Transition month between winter and spring, March and its climate conditions are often uncertain with days that are still cold and rainy and others that seem harbingers of summer. This is the usual weather profile of March throughout Italy.
The first important date to remember is 6 March, dedicated to energy saving. It is meant to encourage citizen awareness regarding lowering energy consumption and to promote green living with flowers and vegetation of every kind planted in various areas of the city or even in people’s homes. This initiative is called M’illumino di meno (I use less light), and has become a regular event. It was started in 2005 by a radio transmission of RAI called Caterpillar and many municipalities including Perugia support this campaign.

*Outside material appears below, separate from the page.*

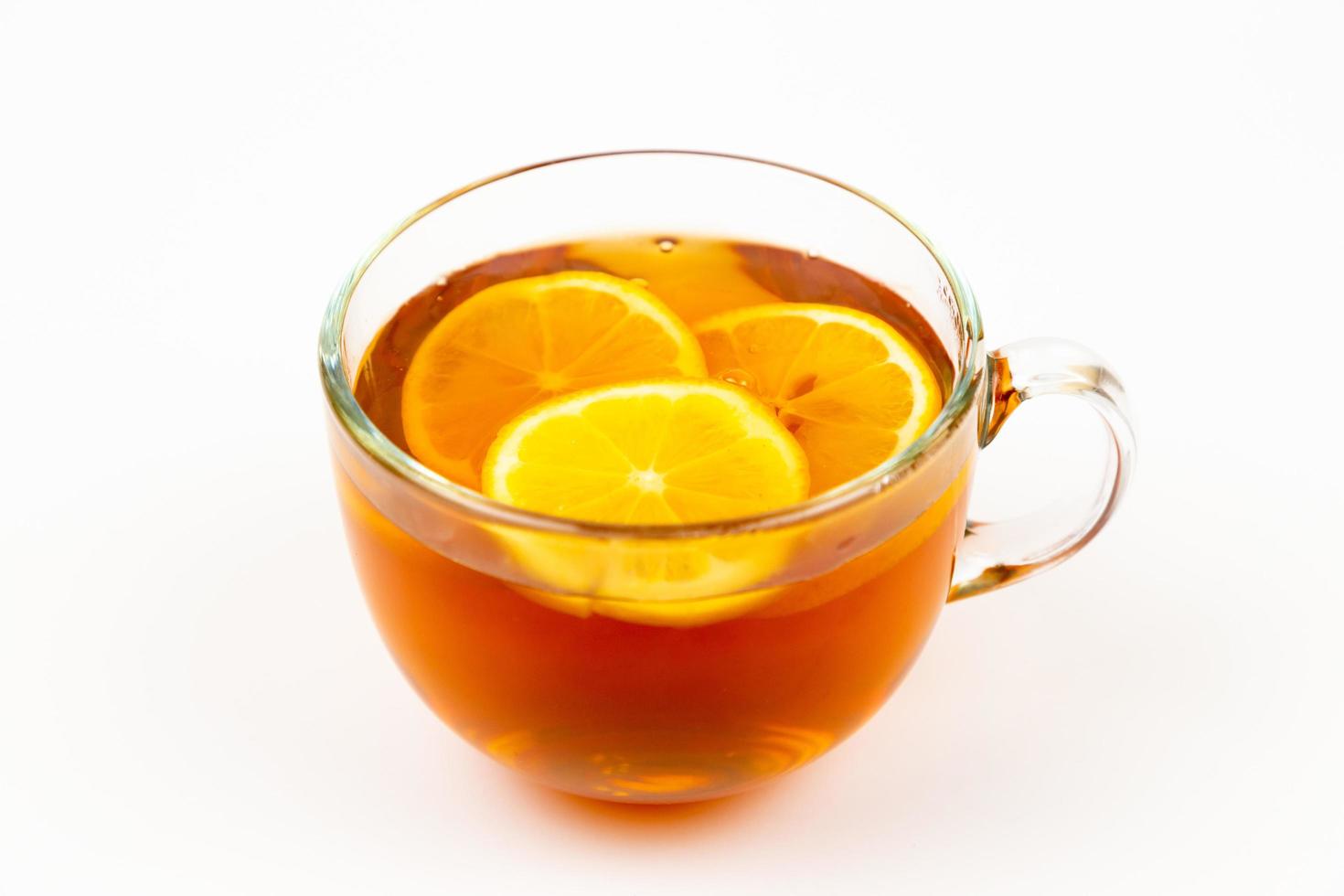 Tea in cup with leaf mint and lemon isolated on white background photo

Then follows International Women’s Day on 8 March when various initiatives highlight the condition of women and their rights. The symbol of this day is a sprig of mimosa given to women as a gift, mimosa that dots the streets just about everywhere with a beautiful bright yellow. And even at dinner, there is often a delicious slice of torta mimosa made from sponge cake. Quite often that evening, women go out to dinner with other female friends, so it is not unusual to see many of all ages sharing large tables at a restaurant or pizzeria.
19 March though, feast of Saint Joseph, is Fathers’ Day. In Central Italy, people eat sweet rice fritters while Neapolitan cuisine dictates cream-filled zeppole (a kind of doughnut). Eating deep-fried sweets on this day in the very midst of Lent takes one back for a moment to the abundance of Carnival.
The month moves inexorably to its close, passing through the spring equinox that falls on 20 March this year, while on 29 March we return to Daylight Savings Time. From that day forward, the long hours of light will brighten our season and we will finally find winter behind us.